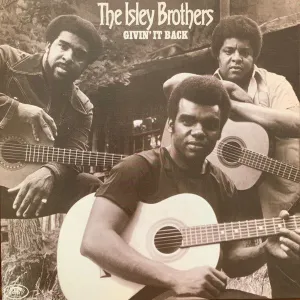 The Isley Brothers  Givin' It Back (Arrives in 4 days )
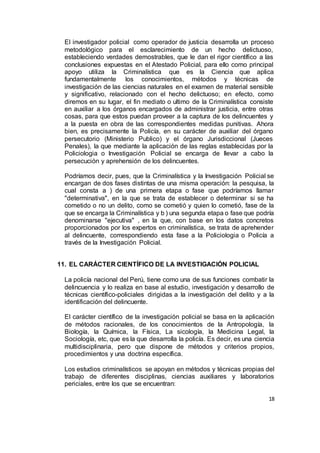 18
El investigador policial como operador de justicia desarrolla un proceso
metodológico para el esclarecimiento de un hecho delictuoso,
estableciendo verdades demostrables, que le dan el rigor científico a las
conclusiones expuestas en el Atestado Policial, para ello como principal
apoyo utiliza la Criminalística que es la Ciencia que aplica
fundamentalmente los conocimientos, métodos y técnicas de
investigación de las ciencias naturales en el examen de material sensible
y significativo, relacionado con el hecho delictuoso; en efecto, como
diremos en su lugar, el fin mediato o ultimo de la Criminalística consiste
en auxiliar a los órganos encargados de administrar justicia, entre otras
cosas, para que estos puedan proveer a la captura de los delincuentes y
a la puesta en obra de las correspondientes medidas punitivas. Ahora
bien, es precisamente la Policía, en su carácter de auxiliar del órgano
persecutorio (Ministerio Publico) y el órgano Jurisdiccional (Jueces
Penales), la que mediante la aplicación de las reglas establecidas por la
Policiologia o Investigación Policial se encarga de llevar a cabo la
persecución y aprehensión de los delincuentes.
Podríamos decir, pues, que la Criminalística y la Investigación Policial se
encargan de dos fases distintas de una misma operación: la pesquisa, la
cual consta a ) de una primera etapa o fase que podríamos llamar
"determinativa", en la que se trata de establecer o determinar si se ha
cometido o no un delito, como se cometió y quien lo cometió, fase de la
que se encarga la Criminalística y b ) una segunda etapa o fase que podría
denominarse "ejecutiva" , en la que, con base en los datos concretos
proporcionados por los expertos en criminalística, se trata de aprehender
al delincuente, correspondiendo esta fase a la Policiologia o Policía a
través de la Investigación Policial.
11. EL CARÁCTER CIENTÍFICO DE LA INVESTIGACIÓN POLICIAL
La policía nacional del Perú, tiene como una de sus funciones combatir la
delincuencia y lo realiza en base al estudio, investigación y desarrollo de
técnicas científico-policiales dirigidas a la investigación del delito y a la
identificación del delincuente.
El carácter científico de la investigación policial se basa en la aplicación
de métodos racionales, de los conocimientos de la Antropología, la
Biología, la Química, la Física, La sicología, la Medicina Legal, la
Sociología, etc, que es la que desarrolla la policía. Es decir, es una ciencia
multidisciplinaria, pero que dispone de métodos y criterios propios,
procedimientos y una doctrina específica.
Los estudios criminalísticos se apoyan en métodos y técnicas propias del
trabajo de diferentes disciplinas, ciencias auxiliares y laboratorios
periciales, entre los que se encuentran:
********
**What is required**
Return only the lines from the start of the data through the line that contains "fundamentalmente los conocimientos, métodos", please, copying them exactly and omitting all pictures.

**Task solution**
 The Isley Brothers  Givin' It Back (Arrives in 4 days )
 18
El investigador policial como operador de justicia desarrolla un proceso
metodológico para el esclarecimiento de un hecho delictuoso,
estableciendo verdades demostrables, que le dan el rigor científico a las
conclusiones expuestas en el Atestado Policial, para ello como principal
apoyo utiliza la Criminalística que es la Ciencia que aplica
fundamentalmente los conocimientos, métodos y técnicas de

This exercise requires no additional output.